5. Prior Acts Coverage
Claims-made policies often contain provisions for prior acts coverage, which provides coverage for claims arising from incidents that occurred before the inception of the current policy but after the retroactive date. However, misunderstandings and disputes between an insurer and its insured can frequently arise over the applicable dates and scope of prior acts coverage. These misunderstandings often surprise insureds who thought they had secured more expansive prior acts coverage than the policy provides.
6. Definition of a Claim
The definition of a claim can differ significantly among claims-made policies. In some policies, even informal notices and demands can meet the definition threshold, while other policies have a narrower standard requiring the initiation of formal legal proceedings. These definitional discrepancies often lead to disputes between insurers and insureds regarding when claim reporting obligations were triggered.
7. Premium Step Ups
Unlike occurrence policies, which maintain steady premiums, claims-made premiums often start low but contain step increases year-over-year until they reach a mature rate. Insureds may frequently not anticipate these planned incremental rate hikes, creating budget issues.

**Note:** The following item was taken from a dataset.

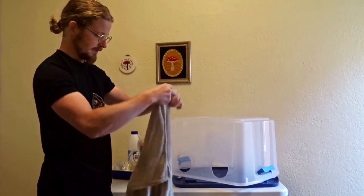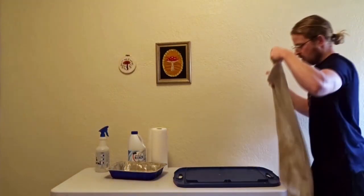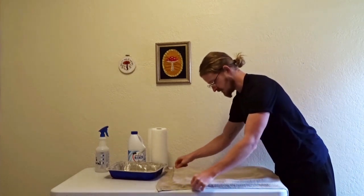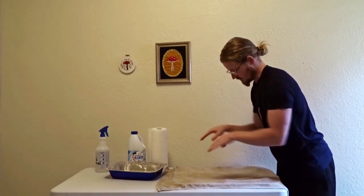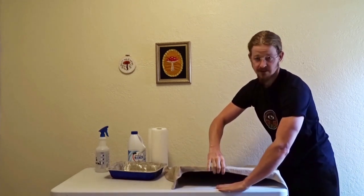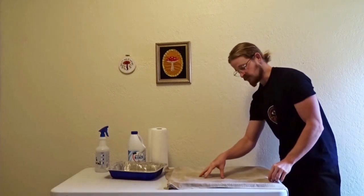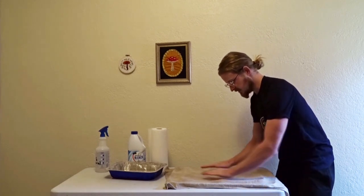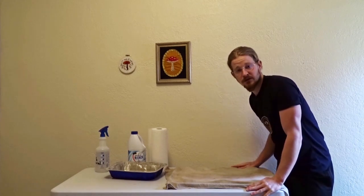The final step: get your towel out and lay it across the surface you're going to be doing your work on. I like to use the top — this is a locking container, so when I put it on it locks right in. You can also just use the table and lay your towel across the table. Make sure your towel is tight, taut — no ridges, bumps, or lumps.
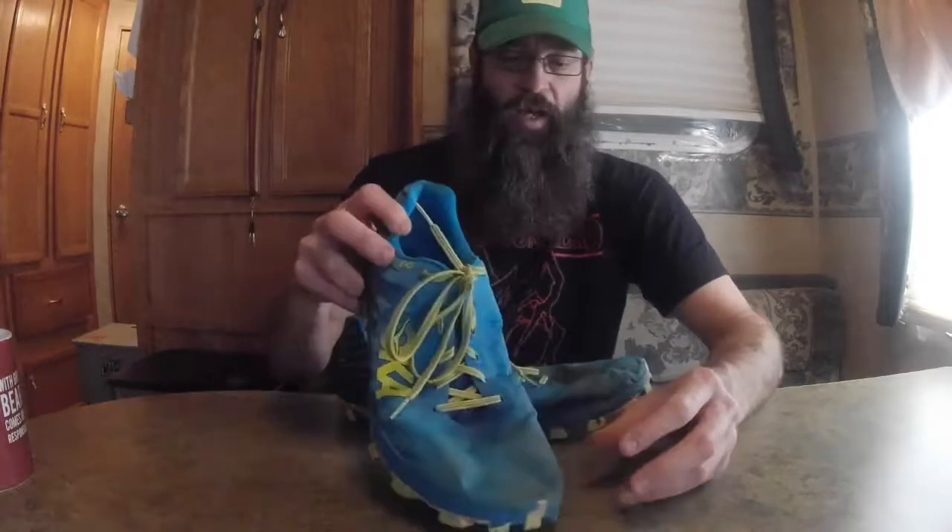If you're a big heel drop runner, that's the only time I may not recommend these. They'd probably be okay, but it depends on how hard you hit and what you're running on — I'd hate to see you get bruises on your heel. For a Hoka, they are a fairly narrow fit. I've got really skinny feet, so that's why Salomons work really well for me and Hokas tend to be a little big. But these are awesome. I don't want to run in another pair of shoes — that's how much I like them.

If the insurer declines to renew a claims-made policy at the end of a policy term, the insured faces increased difficulty securing replacement coverage. New insurers may be reluctant to match the expiring retroactive date or provide the same breadth of prior acts coverage, leading to potential gaps. Shopping for replacement coverage upon non-renewal often can result in higher premiums or more restricted policy coverage.
9. Awareness Provisions
Some claims-made policies contain awareness provisions excluding coverage for any claims arising from incidents or circumstances of which the insured had previous knowledge before the inception of coverage. Questions about the extent of the insured’s awareness and whether the exclusion applies may lead, if a claim is later made, to legal conflict over this type of provision.
10. Stacking Policy Limits
With occurrence policies, each policy year has its own limits, while claims-made policies often aggregate related claims across multiple policy periods into the limits of a single policy year based on a definition of “interrelated claims.” When related claims span several policy terms, disputes frequently erupt around whether one set of limits applies or if each policy’s limits can be stacked, leading to increased total coverage. The interrelated claims definition in the policy dictates the outcome.
Bonus Item: Notice of Circumstances
Notice of Circumstance (NOC) provisions allow insureds to report situations, incidents, or allegations that have not matured into formal claims but may give rise to claims in the future. Providing timely and sufficient NOCs for potential claims can help establish coverage under the current policy, even if an actual claim does not arise until later. However, insureds must provide adequate notice identifying the relevant parties, dates, alleged injuries, and circumstances. Vague or incomplete NOCs may not qualify as proper notice.
While NOCs can help preserve coverage, they alert insurers to emerging liabilities, potentially impacting loss history and increasing renewal premiums. Insureds should strategically evaluate when to leverage NOCs, consulting with their agents or brokers to craft notices that are thorough yet tailored to essential facts.